I once commented to a friend that I would dearly love to see the Pyramids in Egypt. He shrugged rather non-committally and said, "Meh, they're just big piles of rock".
While I must concede the reality of his statement, I still maintain that he missed the point. What intrigues and inspires me about the Pyramids is not the structures themselves, but the faith that built them.
Contrary to popular belief, the Pyramids were not built by slaves, nor were these slaves entombed with their Pharaohs. The Egyptians cherished life above all. The Pyramids were actually built by fervently willing volunteers. The Pharaohs were considered to be gods on earth, and therefore the workers were literally building the last resting place of their god. This was considered to be a great privilege, and workers flocked to this task willingly, and were well-treated.

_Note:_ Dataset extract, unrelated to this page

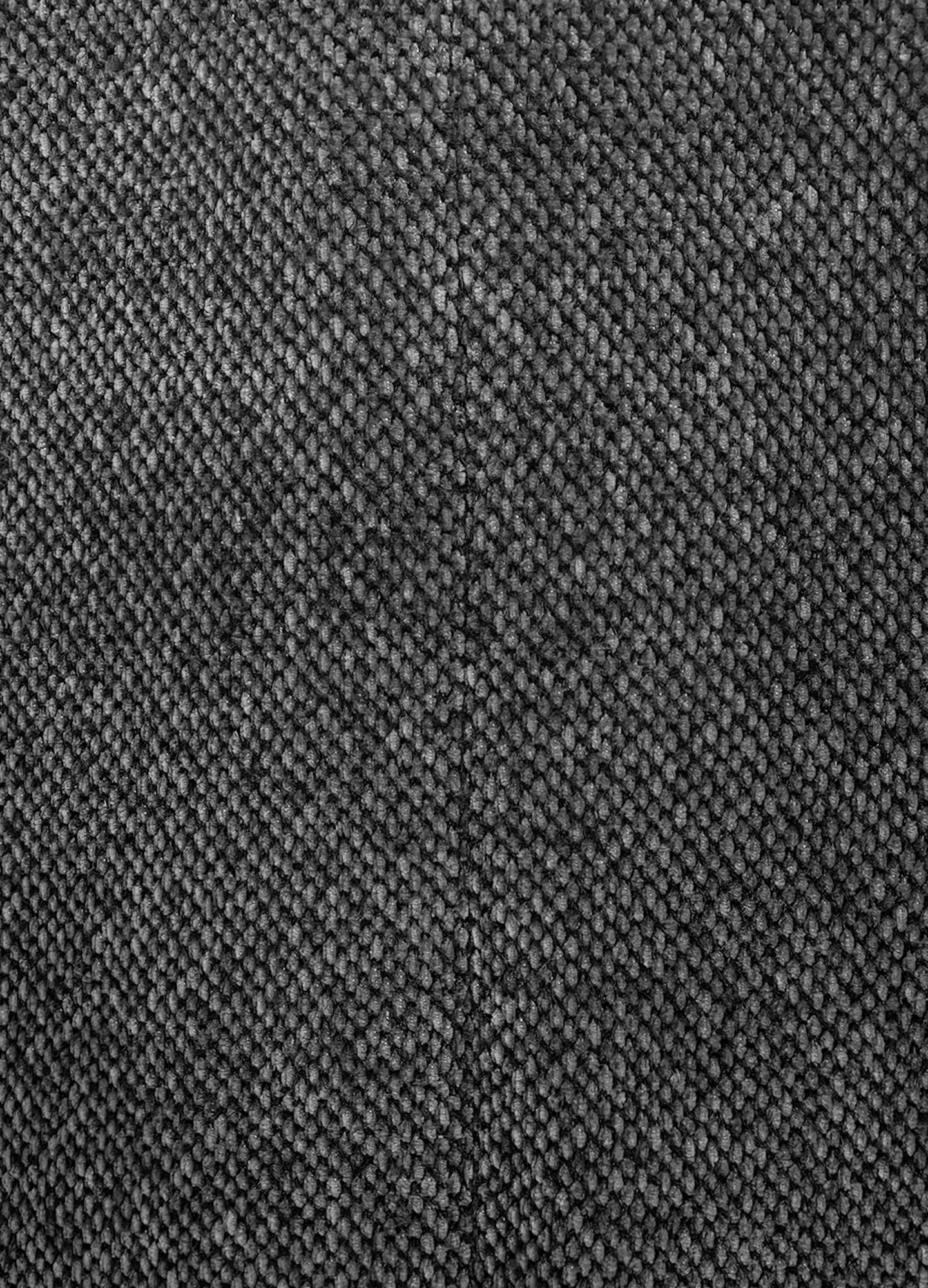 Chaqueta Selenique - Image 11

So while I still marvel at the feats of ancient architecture and building techniques that the Pyramids obviously represent, what I find more inspiring is the faith and love that lay behind every exquisitely-cut stone block, every brush-stroke illustrating the tomb walls.
I often think that this must have also been the case when our ancestors built our own churches that we worship in today.
Our buildings are all beautiful in their own ways, but what impresses me more is the faith that built them. Behind every stone, every shingle, every rough-hewn timber lies a faith and a love for God that is inspiring.
Perhaps these church-builders felt that they were building a place for God to live. They were certainly building a place that would become the focal point of the communities that were built around it.
I feel quite strongly that these buildings need to be preserved somehow or another, although it may not be possible for some buildings to continue exclusively as churches. But if our ancestors built these churches, there is a question that plagues me:
What are we building?
I don't suppose we will ever know for sure, but I wonder if our ancestors constructed these buildings thinking that the buildings themselves should become the mission and focal point of the communities of faith that gathered in them? Or did they hope that the buildings would be places of worship and "bases of operation", if you will, from which the love of God would flow outwards into the surrounding community?
This is just a speculative question, of course, but regardless of what we think our ancestors wanted or foresaw, we are still left with that question:
What are WE building?
Are we property managers or Kingdom builders? Are we hermits or missionaries? Are we concierges or are we visionaries?
As our church resources are depleted, we have a real opportunity to rebuild from the ground up, as Christ Himself did. Let's build together.